Data Quality & Testing
A pipeline that runs but delivers wrong data is more dangerous than one that fails loudly — because nobody notices until the decision is already made.
Wrong data is silent. The dashboard still loads. The number is just… wrong. The fix: test your data like you test your code.
- Freshness — is the data recent enough?
- Volume — are row counts within the expected range?
- Nulls — are required fields actually filled?
- Uniqueness — no duplicate keys?
- Referential — does every foreign key have a match?
- Distribution — do today's values look like history?
The Silent Failure Problem
An application bug is loud — the page errors, someone notices. A data bug is silent. The pipeline succeeds, the dashboard renders, and the number is simply wrong. A duplicated join doubled revenue; an upstream schema change turned a column to nulls; a timezone shift moved yesterday's sales into today. Nobody sees it until a decision has already been made on bad data — and by then trust is gone.
The cure is to stop treating data as something you only look at, and start treating it as something you test — automatically, inside the pipeline, with failures that stop the build before bad data reaches anyone.
The Core Checks
1. The Six Questions Every Table Should Answer
Freshness (is it recent?), volume (right number of rows?), nulls (required fields present?), uniqueness (no duplicate keys?), referential integrity (foreign keys resolve?), and distribution (do the values look like they normally do?). These six cover the overwhelming majority of real-world data incidents — and they're the same questions on every platform.
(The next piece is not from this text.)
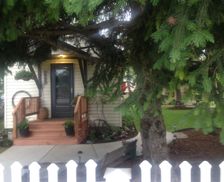 United States Wyoming Cody vacation rental compare prices direct by owner 1237362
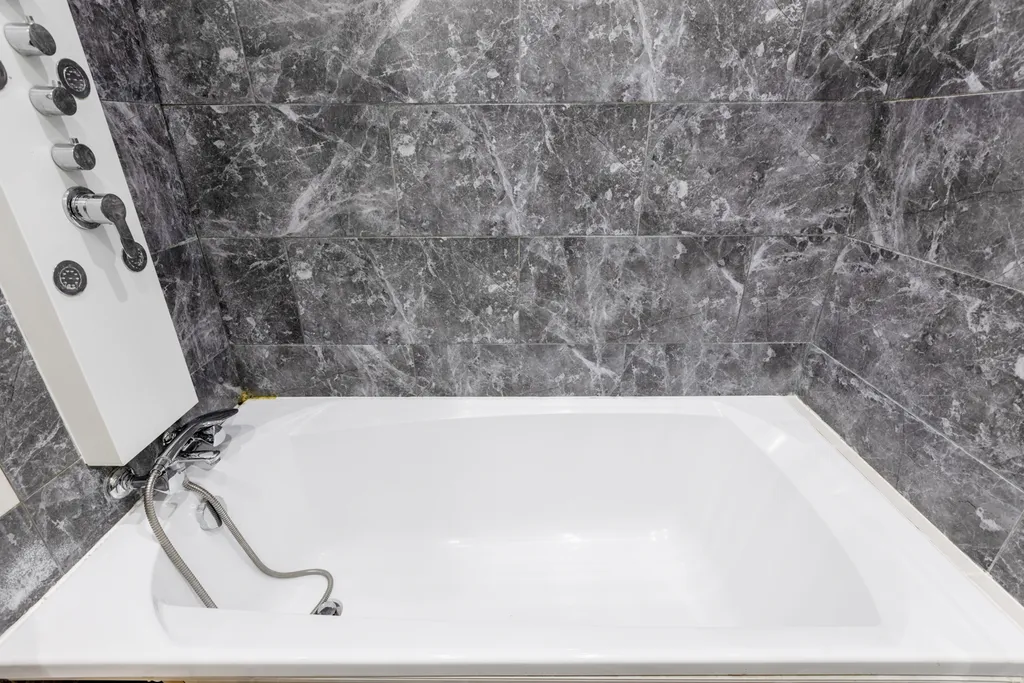 Квартира Современная трёхкомнатная квартира в сталинском доме у Москва-сити — Москва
2. Tests Live in the Pipeline, Not in a Person's Memory
Quality checks should run automatically every time data is built, and a failing test should block the bad data from being published — exactly like a failing unit test blocks a deploy. Manual spot-checks don't scale and quietly stop happening. dbt tests, Great Expectations, and Soda all embed these assertions directly into the run.
3. Quality vs. Observability
Data quality is asserting specific rules (this column is never null). Data observability is the broader, monitoring-style view of your whole platform's health — freshness, volume, and schema tracked over time with automatic anomaly alerts, analogous to Prometheus/Grafana for applications. Quality catches the rules you thought to write; observability surfaces the problems you didn't.
4. Contracts Shift Failures Left
A data contract is a formal agreement on a dataset's schema and semantics between producer and consumer. It turns silent runtime breakages ("why is this column suddenly null?") into loud, early, deploy-time violations — catching the break before it ever reaches a pipeline.
Where Quality Gates Sit
Tests gate each stage — bad data is stopped and alerted on, never silently published.
Same Pattern, Every Platform
| The Pattern | Snowflake | Databricks | BigQuery | Microsoft Fabric |
|---|---|---|---|---|
| In-pipeline tests | dbt tests | dbt tests / DLT expectations | dbt tests | dbt / SQL checks in pipelines |
| Quality frameworks | Great Expectations / Soda | Great Expectations / Soda | Great Expectations / Soda | Great Expectations / Soda |
| The six checks | Identical questions — only the syntax changes | |||
Feature names evolve — treat this as a capability map, and confirm specifics against current vendor docs.
The takeaway: the six quality questions — freshness, volume, nulls, uniqueness, referential integrity, distribution — are platform-independent. Wire them into the pipeline as blocking tests on any engine and you've built trust. The tool is the product; the six checks are the pattern.